De regresso às Raízes Nair Cristina Teté, de 46 anos, nascida em Angola, filha de Adérito Florêncio Teté (natural de Vilarandelo) decidiu, no ano transacto, largar a vida de piloto de linha aérea e dedicar-se à produção natural, de forma tradicional, de sabão de azeite, inteiramente botânico. Para tal, veio de malas e bagagens para a nossa Vila, terra que visitava em criança e que sempre a encantou. Deitou as mãos “ao azeite” e começou a criar os seus produtos localmente. Para poder escoar a sua produção, criou a marca: “Terra Rústica” e uma loja on-line: www.terra-rustica.pt. Arranjou também uma loja física, no toural, onde se pode apreciar a criação e confecção artesanal dos seus sabões. Da sua loja exalam aromas diversos e lá dentro pode assistir-se ao fabrico artesanal passo-a-passo dos seus produtos, organizados num colorido próprio.

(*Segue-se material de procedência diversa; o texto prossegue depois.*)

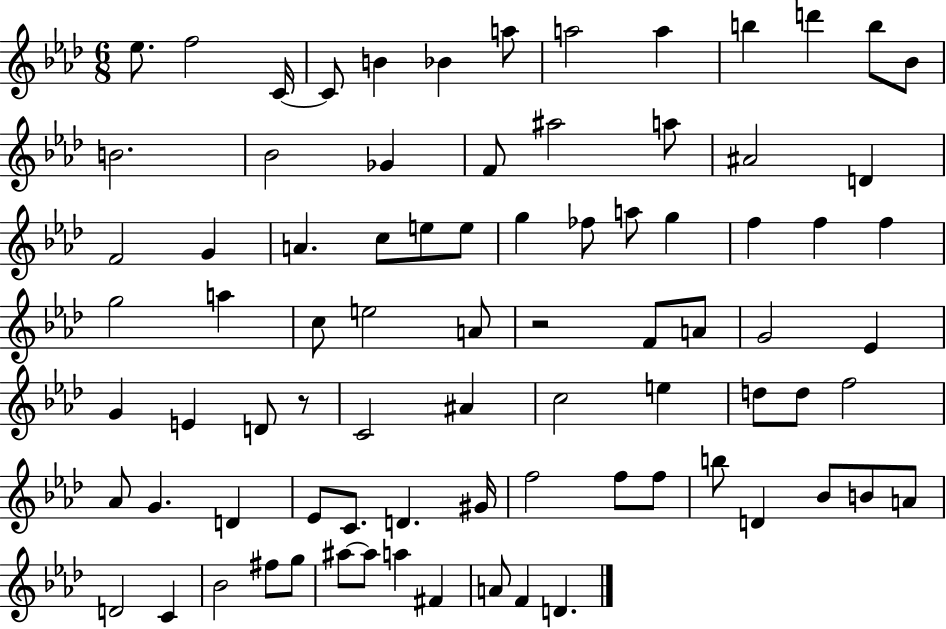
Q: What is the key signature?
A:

Lembrais-vos de mim? Manuel Ferreira Pinto - O Tanoeiro! Nasceu em Maceda, Concelho de Ovar, Distrito de Vila Real a 30 de Janeiro de 1921.Antes de fazer a tropa veio com seu pai, de mesmo nome, para Vilarandelo, exercendo o ofício de tanoeiro, na Levandeira. Casou, em Vilarandelo, dia 13 de Maio de 1943, com Carminda dos Reis Coroado, nascida em Vilarandelo a 04 de Outubro de 1919, com quem veio a ter sete filhos, dos quais quatro ainda vivos: Lurdes, António, Ângelo e Armindo. Fez a tropa, já casado. Após um incêndio na oficina de tanoaria, por volta dos anos 50, construiu casa e oficina na “Bobeleira”, (actual Av. Da Liberdade), onde residiu e trabalhou na arte. Tirou o curso de Adegueiro em Mogofores e trabalhou na Adega Cooperativa de Bragança. Em 1960, partiu sozinho para Angola e após se estabelecer como comerciante, mandou ir a família. Em 1971 voltou para Vilarandelo e retomou a arte de tanoaria até à sua morte, em 28 de Junho de 1981.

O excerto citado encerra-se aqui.